What you need to do: Take the lines below from the one with "Five paragraph essay" through the one with "深入探究进程通信技术(多种方式助力进程间数据传输) 深入" and retype them exactly. Include nothing else, and no pictures.

---------- Information shown

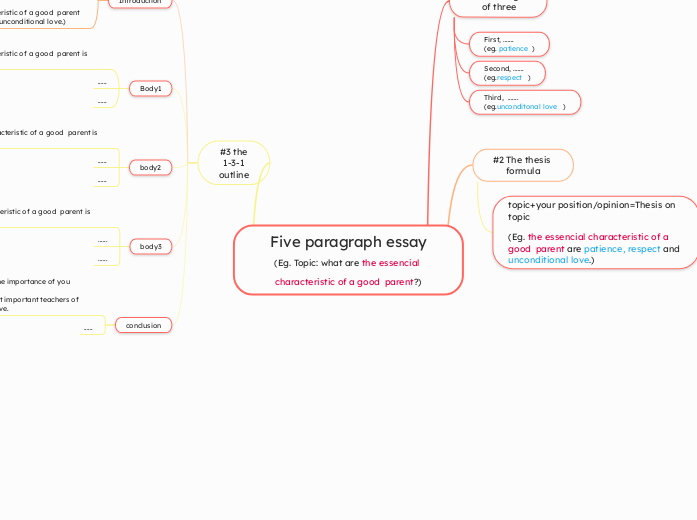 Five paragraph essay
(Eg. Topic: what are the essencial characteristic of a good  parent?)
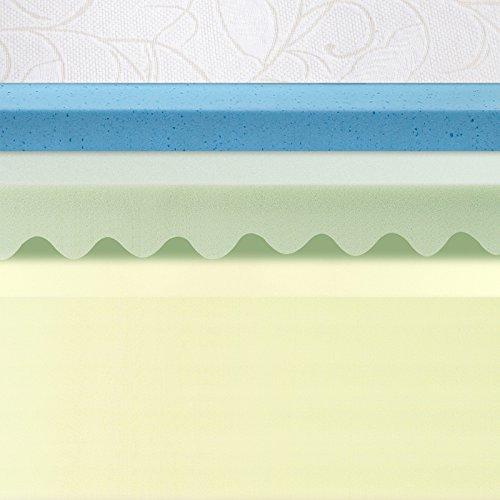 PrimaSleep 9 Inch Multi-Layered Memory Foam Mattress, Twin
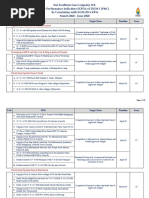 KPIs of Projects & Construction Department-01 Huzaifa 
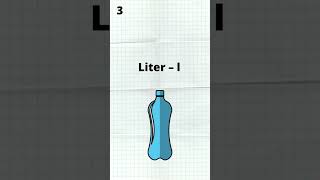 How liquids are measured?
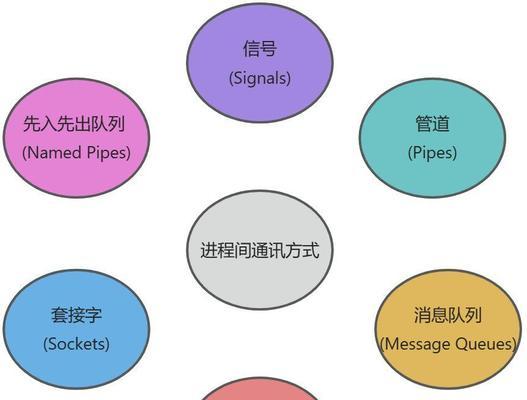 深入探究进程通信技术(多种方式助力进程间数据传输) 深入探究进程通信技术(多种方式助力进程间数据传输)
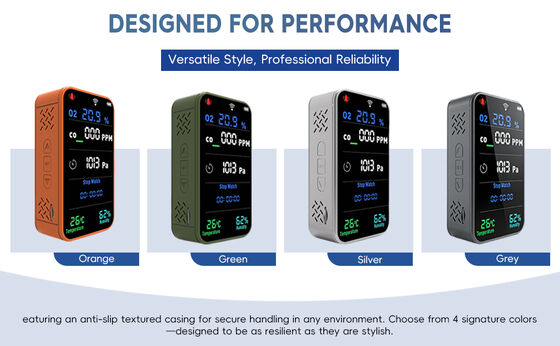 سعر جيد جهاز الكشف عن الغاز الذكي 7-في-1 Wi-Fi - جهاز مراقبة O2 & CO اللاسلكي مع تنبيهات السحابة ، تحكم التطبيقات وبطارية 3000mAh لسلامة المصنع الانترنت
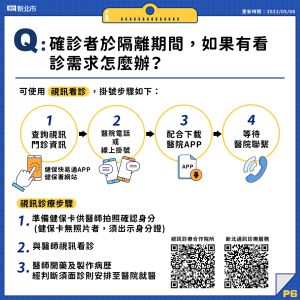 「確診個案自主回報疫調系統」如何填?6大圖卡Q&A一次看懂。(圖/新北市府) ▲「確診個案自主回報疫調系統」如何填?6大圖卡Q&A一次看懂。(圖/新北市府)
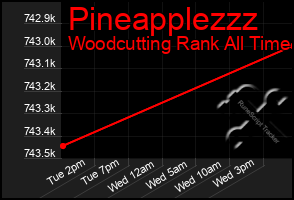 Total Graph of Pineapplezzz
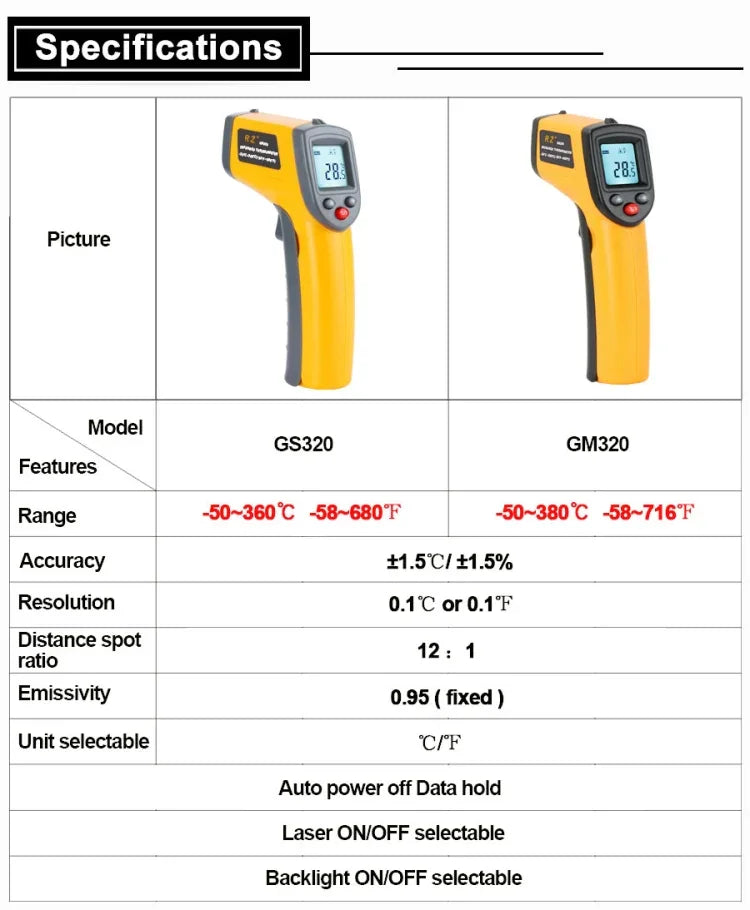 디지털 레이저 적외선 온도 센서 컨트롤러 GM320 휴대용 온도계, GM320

--------------------
---------- Information shown

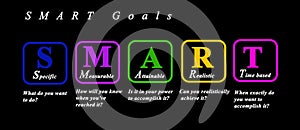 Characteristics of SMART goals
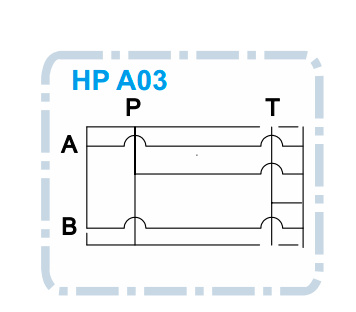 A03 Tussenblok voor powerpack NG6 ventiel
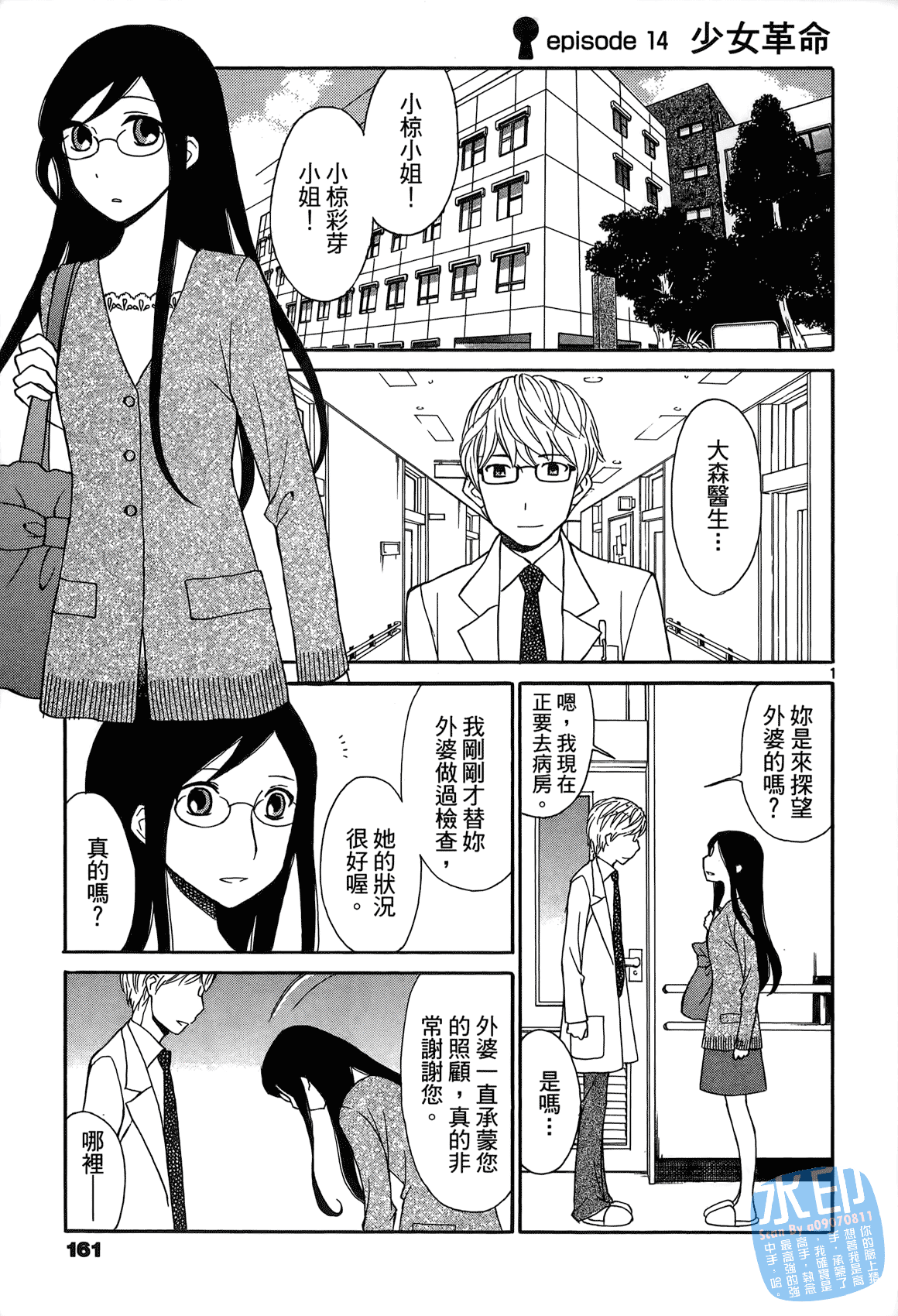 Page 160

--------------------

Exercise answer:
 Five paragraph essay
(Eg. Topic: what are the essencial characteristic of a good  parent?)
 PrimaSleep 9 Inch Multi-Layered Memory Foam Mattress, Twin
 KPIs of Projects & Construction Department-01 Huzaifa 
 How liquids are measured?
 深入探究进程通信技术(多种方式助力进程间数据传输) 深入探究进程通信技术(多种方式助力进程间数据传输)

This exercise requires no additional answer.